Source data:
☆ ☆ ☆ ☆ ☆

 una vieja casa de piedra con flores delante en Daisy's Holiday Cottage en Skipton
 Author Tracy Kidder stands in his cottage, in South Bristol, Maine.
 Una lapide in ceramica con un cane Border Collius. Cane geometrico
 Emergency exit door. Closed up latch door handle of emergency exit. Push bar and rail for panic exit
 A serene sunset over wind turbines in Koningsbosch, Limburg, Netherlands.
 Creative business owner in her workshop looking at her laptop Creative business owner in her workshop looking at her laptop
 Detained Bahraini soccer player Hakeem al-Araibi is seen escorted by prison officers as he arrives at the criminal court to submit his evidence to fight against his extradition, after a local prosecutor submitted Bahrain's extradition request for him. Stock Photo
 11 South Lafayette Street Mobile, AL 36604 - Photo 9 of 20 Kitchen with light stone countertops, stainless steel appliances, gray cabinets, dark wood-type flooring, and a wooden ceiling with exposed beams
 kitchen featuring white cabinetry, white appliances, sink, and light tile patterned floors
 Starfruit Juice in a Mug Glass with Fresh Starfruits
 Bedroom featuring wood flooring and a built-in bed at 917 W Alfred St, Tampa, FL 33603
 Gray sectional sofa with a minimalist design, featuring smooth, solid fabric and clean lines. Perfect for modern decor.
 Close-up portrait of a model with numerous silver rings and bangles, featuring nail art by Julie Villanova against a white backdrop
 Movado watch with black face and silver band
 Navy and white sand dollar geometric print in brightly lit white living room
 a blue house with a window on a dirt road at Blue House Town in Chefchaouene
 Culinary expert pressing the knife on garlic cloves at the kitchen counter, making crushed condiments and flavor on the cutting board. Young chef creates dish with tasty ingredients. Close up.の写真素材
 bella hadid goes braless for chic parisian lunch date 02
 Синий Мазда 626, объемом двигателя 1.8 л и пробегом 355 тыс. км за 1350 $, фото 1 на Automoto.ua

☆ ☆ ☆ ☆ ☆

Problem requirements:
Using the entries above, output exactly the lines between the line holding "Close-up portrait of" and the line holding "bella hadid goes", end lines included, and nothing more.

Your solution:
 Close-up portrait of a model with numerous silver rings and bangles, featuring nail art by Julie Villanova against a white backdrop
 Movado watch with black face and silver band
 Navy and white sand dollar geometric print in brightly lit white living room
 a blue house with a window on a dirt road at Blue House Town in Chefchaouene
 Culinary expert pressing the knife on garlic cloves at the kitchen counter, making crushed condiments and flavor on the cutting board. Young chef creates dish with tasty ingredients. Close up.の写真素材
 bella hadid goes braless for chic parisian lunch date 02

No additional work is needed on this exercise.